**INSTRUCTIONS TO FOLLOW:** Only the lines from the one containing "Full_Adder_circuit_wiki.jpg" through the last line below belong in your copy; transcribe them exactly and omit any pictures.

**DATA BELOW:**
========================================

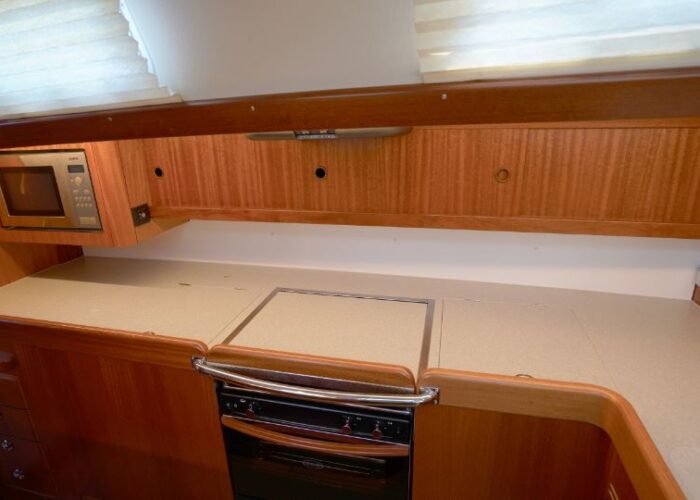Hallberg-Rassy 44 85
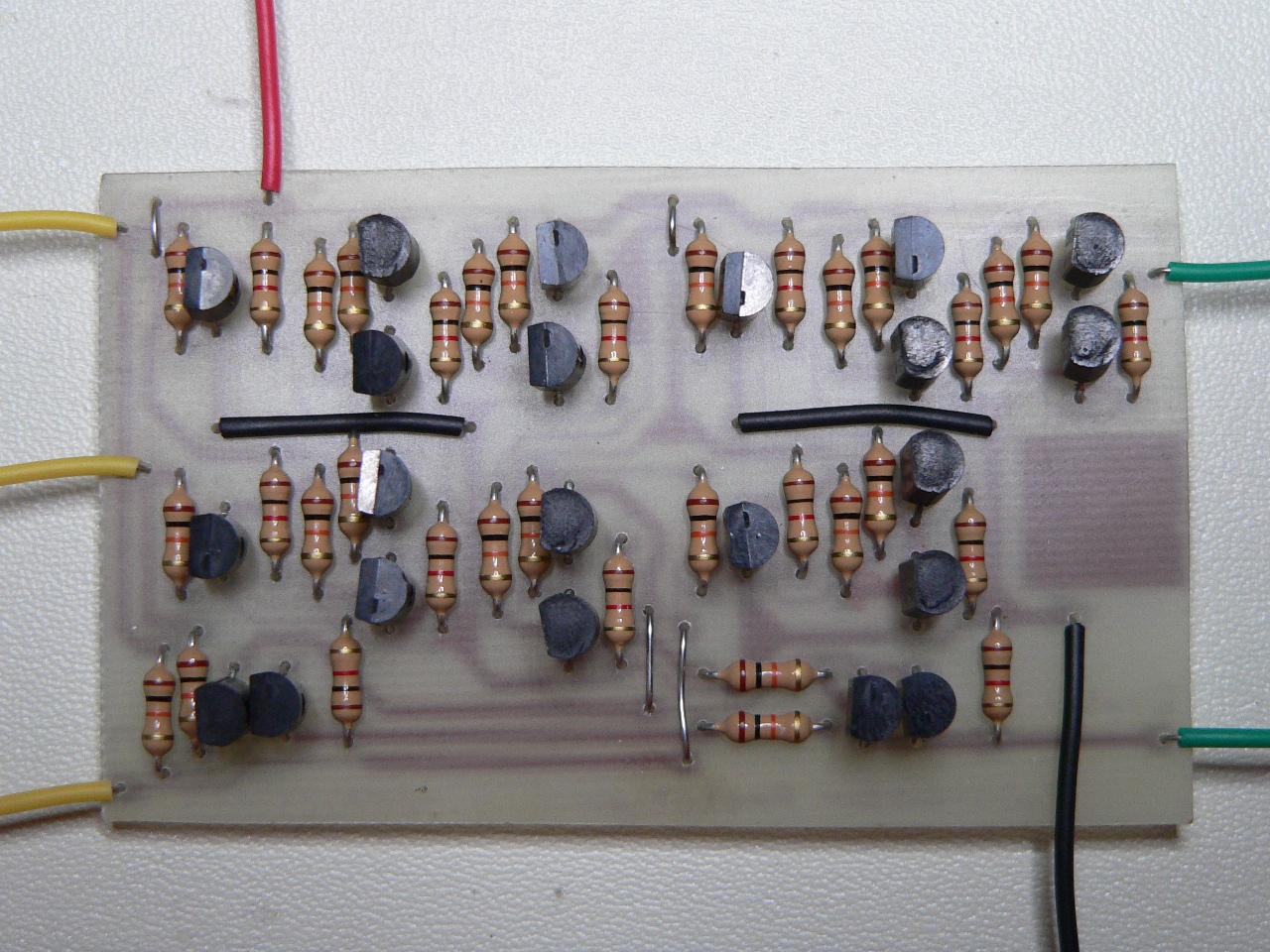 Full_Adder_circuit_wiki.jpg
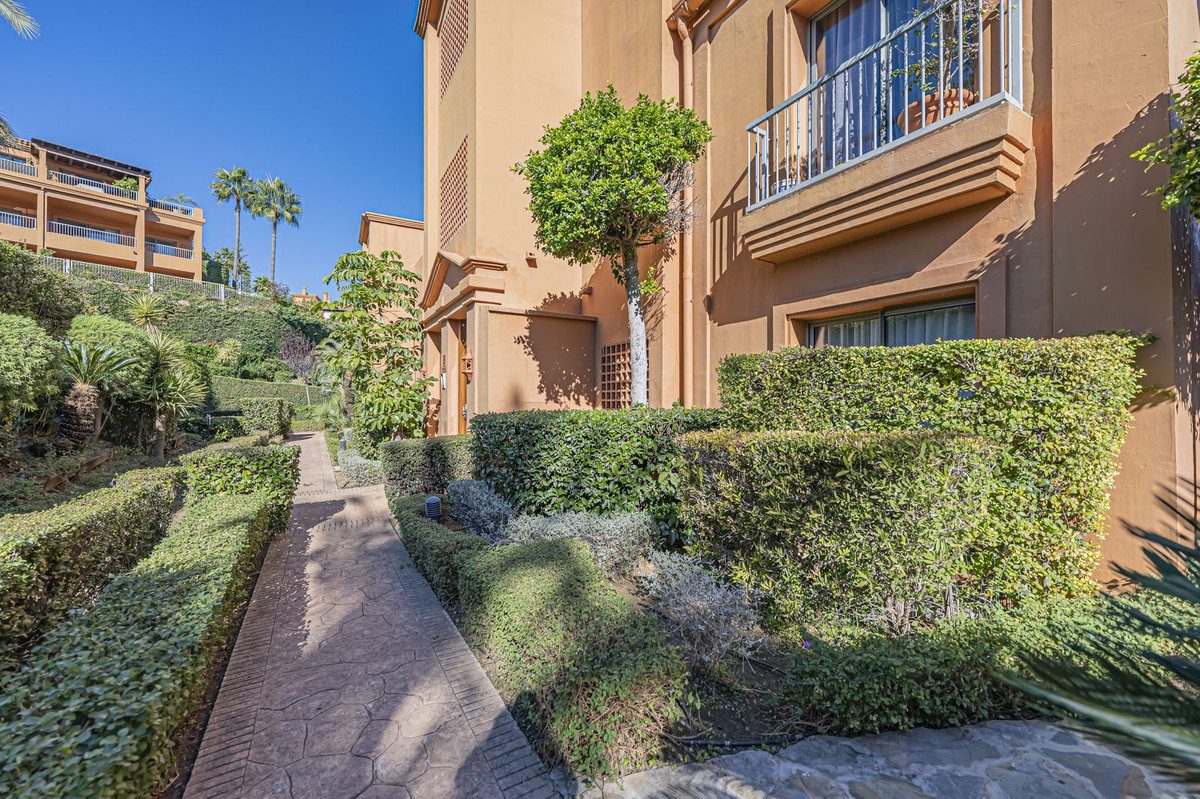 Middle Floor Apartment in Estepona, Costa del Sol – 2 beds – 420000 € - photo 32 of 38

========================================

**RESPONSE BELOW:**
 Full_Adder_circuit_wiki.jpg
 Middle Floor Apartment in Estepona, Costa del Sol – 2 beds – 420000 € - photo 32 of 38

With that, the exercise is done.